A. Le rejet d’une analyse prévisionnelle autonome du préjudice

L’argument de la Commission consistait à promouvoir un critère autonome, celui du « risque de réapparition du préjudice », qui ne figure pas explicitement dans le règlement de base. En rejetant cette approche, la Cour de justice prévient une dérive potentielle qui aurait consisté à maintenir des mesures antidumping sur la base de simples conjectures, sans démonstration factuelle et actuelle conforme aux textes. La Cour ne nie pas la dimension prospective de l’analyse, notamment lorsqu’il s’agit d’évaluer une « menace de préjudice ». Toutefois, elle précise que même cette analyse doit être menée dans le respect des dispositions de l’article 4 du règlement de base. L’arrêt souligne que « même si un critère relatif au risque de réapparition du préjudice ne figure pas dans le règlement de base, il n’en reste pas moins vrai qu’il doit être analysé […] si l’expiration d’une mesure […] pouvait de nouveau conduire à un préjudice ou à une menace de préjudice ». Cependant, la Cour ajoute immédiatement que « cette analyse doit être effectuée en respectant les dispositions de l’article 4 du règlement de base ». La portée de cette précision est considérable : elle interdit aux institutions de s’affranchir des critères légaux d’examen des volumes d’importation, de leurs prix et de leur impact sur l’industrie communautaire, même dans un contexte de réexamen.

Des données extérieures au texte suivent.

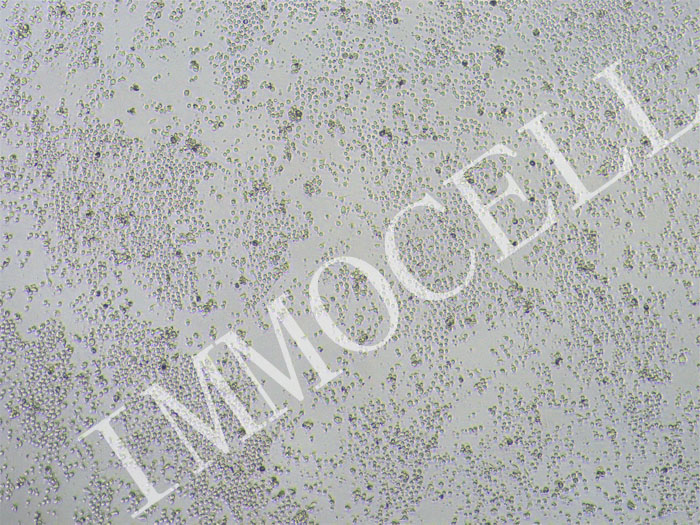 小鼠脾脏naive CD8+T细胞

B. L’immunisation de l’analyse du préjudice contre les facteurs économiques exogènes

En validant l’approche du Tribunal, la Cour confirme une autre garantie essentielle pour les entreprises exportatrices : l’obligation pour les institutions d’isoler le préjudice causé par le dumping de celui résultant d’autres facteurs. En l’espèce, le Tribunal avait reproché au Conseil d’avoir tenu compte de la récession économique générale pour caractériser le préjudice, ce qui est contraire au règlement de base. La Cour entérine cette analyse en rappelant que, conformément à l’article 4, paragraphe 1, du règlement, « les préjudices causés par d’autres facteurs, tels que […] la contraction de la demande […] ne doivent pas être attribués aux importations qui font l’objet d’un dumping ». Cette règle de non-imputation est fondamentale car elle contraint les institutions à une analyse causale rigoureuse. Elle empêche que des mesures de défense commerciale ne soient utilisées comme un instrument protectionniste pour protéger une industrie communautaire des effets d’une conjoncture économique défavorable qui n’a aucun lien avec d’éventuelles pratiques de dumping. En confirmant ce principe dans le cadre d’un réexamen, la Cour assure que le maintien des droits antidumping reste une mesure exceptionnelle, strictement conditionnée à la preuve d’un lien de causalité direct et avéré entre les importations et le préjudice.